VIOLENT, SUDDEN ATTACKS of panic/terror.

Unreasonable and unaccountable fear.

And Palpitation and tingling sensations throughout the body, but mainly the extremities.

Often started after a frightful experience, e.g. car accident in a tunnel, or a strong fright, or being stuck in an elevator, although sometimes without a known causation [too far back in the past].

Sensation of PRESENTIMENT ofF DEATH; predicts the time.

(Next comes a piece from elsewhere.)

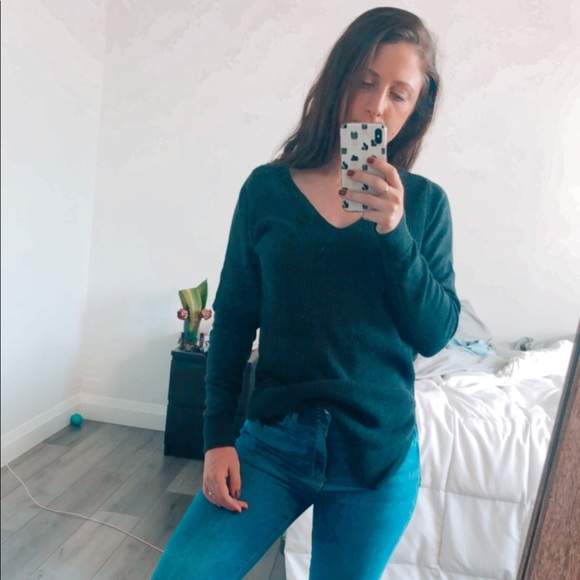 Reitmans Sweaters - Reitmans charcoal Knit sweater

[In most cases during the 1st or 2nd experience of a frightening situation, e.g. hyperventilation; after the first occurrence, and noticing that he didn't die, the patient is more used to the situation and consequently less panic-stricken.]

• "Rhus is easily distinguished from Aconite. The Rhus patient will tell you it is no use to prescribe for him - he is going to die any way; while the Aconite patient is distressed, and predicts the day or hour." [Kent]

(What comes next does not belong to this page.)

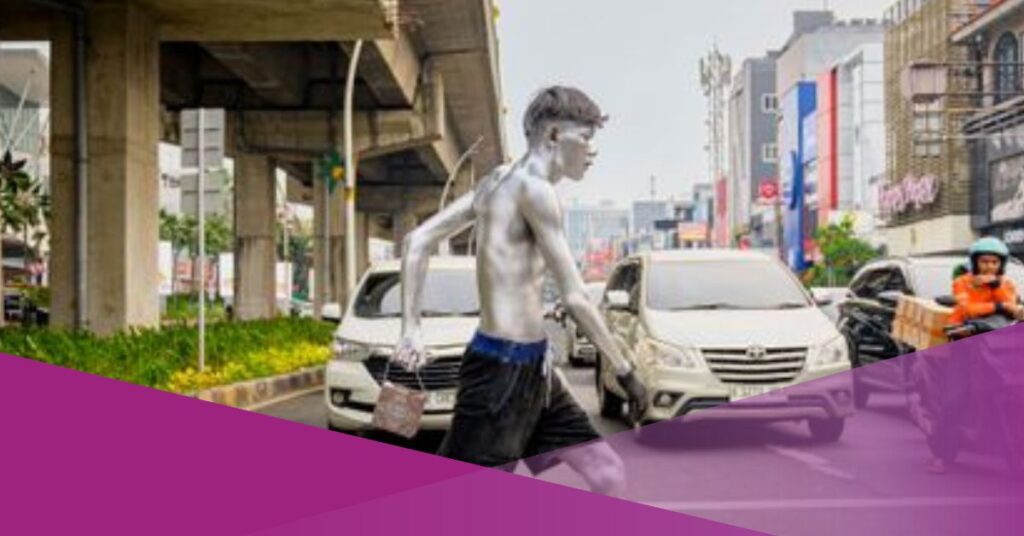 Unique Jobs You Can Only Find In Indonesia, You Wouldn't Believe It's Real!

* Fear of death during pregnancy (labour), or fear that the child will die or will be deformed. [Cimic.]

• "During labour it is of service when there is great restlessness and fear of death. The patient is sure she will die. The labour is slow. The vagina is hot and dry, and the os uteri is tender and undilatable." [Blackwood]

• "Tendency to have intuitions, presentiments, the second sight when awake or when asleep. Thus very vivid dream in the morning, in which he finds a solution of a problem, from which he was unable to free himself while awake." [Gallavardin]

M Fear in a CROWD, in narrow places [after a frightful experience].

M OVERSENSITIVE to: Light (sunlight).

Noise (music).

Odours (unpleasant)

Pain. ["Even when the pains are slight and bearable, due to his extreme susceptibility he exaggerates them to such an extent that his own imagination of the enormity of his complaints overpower him." - Kent]

Tastes. ["Bitter taste of everything, except water."]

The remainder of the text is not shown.